Chapter 3: Action Chunking

Learning Objectives

Understand the action chunking paradigm and why predicting action sequences outperforms single-step predictions
Learn how Action Chunking with Transformers (ACT) and Diffusion Policy generate smooth robot trajectories
Implement action chunk generation and temporal ensembling for robust execution
Compare action chunking with traditional single-step behavior cloning

The Single-Step Problem

In traditional behavior cloning, a policy predicts one action at a time: given the current observation, output the next joint position or end-effector target. This frame-by-frame approach has several fundamental problems:

Compounding errors — small prediction errors accumulate over hundreds of steps, causing the robot to drift far from the demonstrated trajectory
Multi-modality — when multiple valid actions exist (go left or right around an obstacle), averaging them produces an invalid action (go straight into the obstacle)
Temporal inconsistency — consecutive predictions may conflict, causing jerky, oscillating motion

Action chunking solves these problems by predicting an entire sequence of future actions at once—a "chunk" of 10 to 100 timesteps.
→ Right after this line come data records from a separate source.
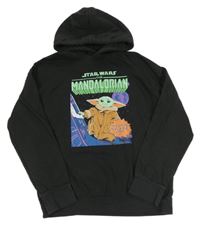 Černá mikina Mandalorian a kapucí H&M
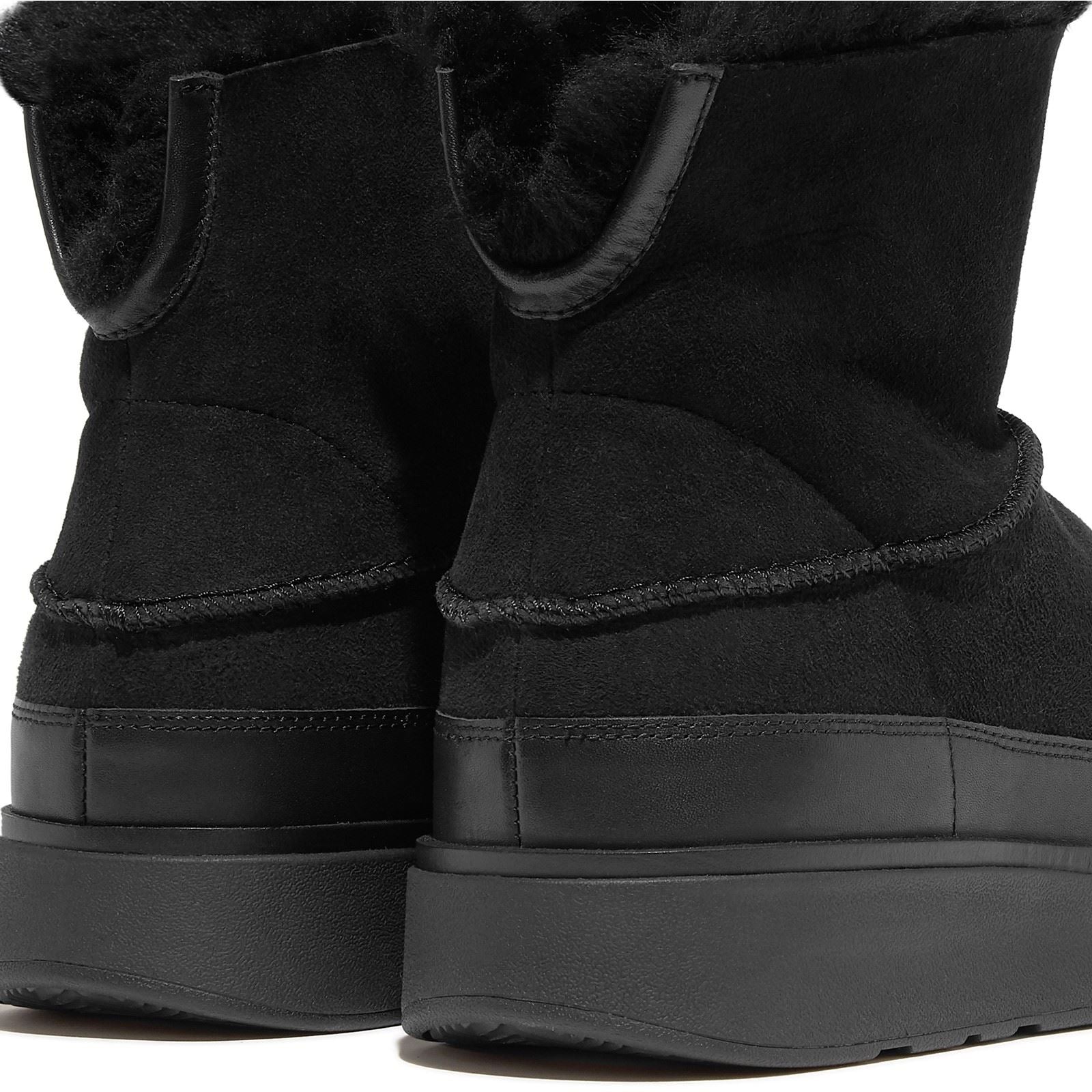 Fitflop Gen-FF Mini Double-Faced Leder Damen Ganz in Schwarz Stiefel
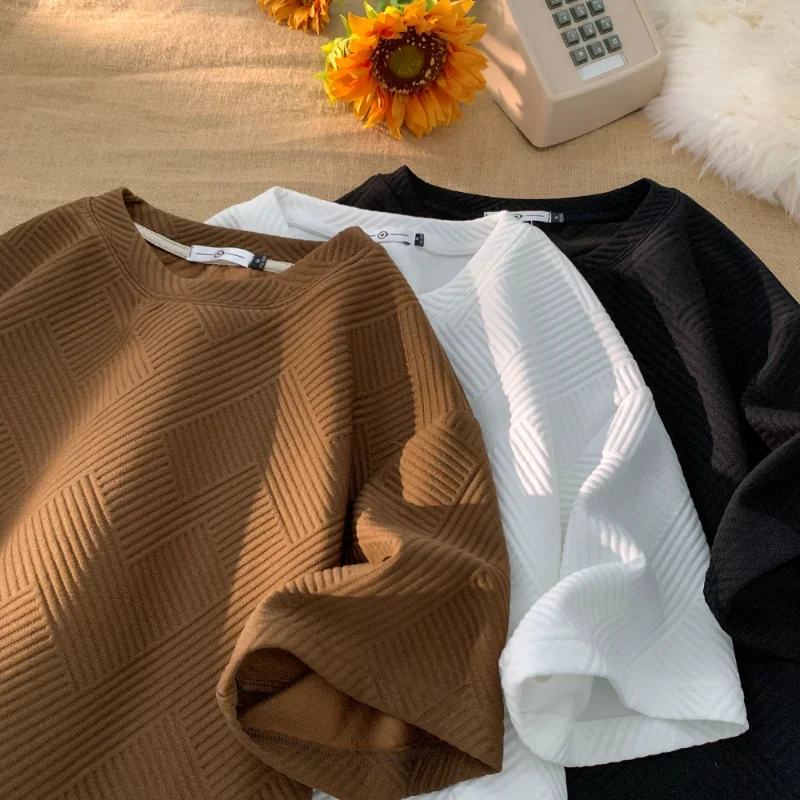 Summer Waffle Short Sleeve T-shirt Men Solid Color Concise Style Retro O-Neck Tees Tops Streetwear Oversized Men's T-shirts
Summer Waffle Short Sleeve T-shirt Men Solid Color Concise Style Retro O-Neck Tees Tops Streetwear Oversized Men's T-shirts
This gives the model a planning horizon and ensures temporal consistency within each chunk.

How Action Chunking Works

Instead of predicting a single action a_t, an action-chunking policy predicts a sequence:

π(o_t) → [a_t, a_t+1, a_t+2, ..., a_t+H-1]

where H is the chunk size (typically 10–100 steps at 10–50 Hz control frequency). The robot executes the first few actions from the chunk, then re-predicts a new chunk from the updated observation. This overlapping execution creates smooth, robust behavior.

Temporal Ensembling

When chunks overlap, multiple predictions exist for the same future timestep. Temporal ensembling combines these predictions using exponentially weighted averaging:

# temporal_ensemble.py — Temporal ensembling for overlapping action chunks
"""Implement temporal ensembling to combine overlapping action chunk predictions."""
import math


def exponential_weights(num_predictions: int, decay: float = 0.01) -> list[float]:
    """Generate exponentially decaying weights for temporal ensembling.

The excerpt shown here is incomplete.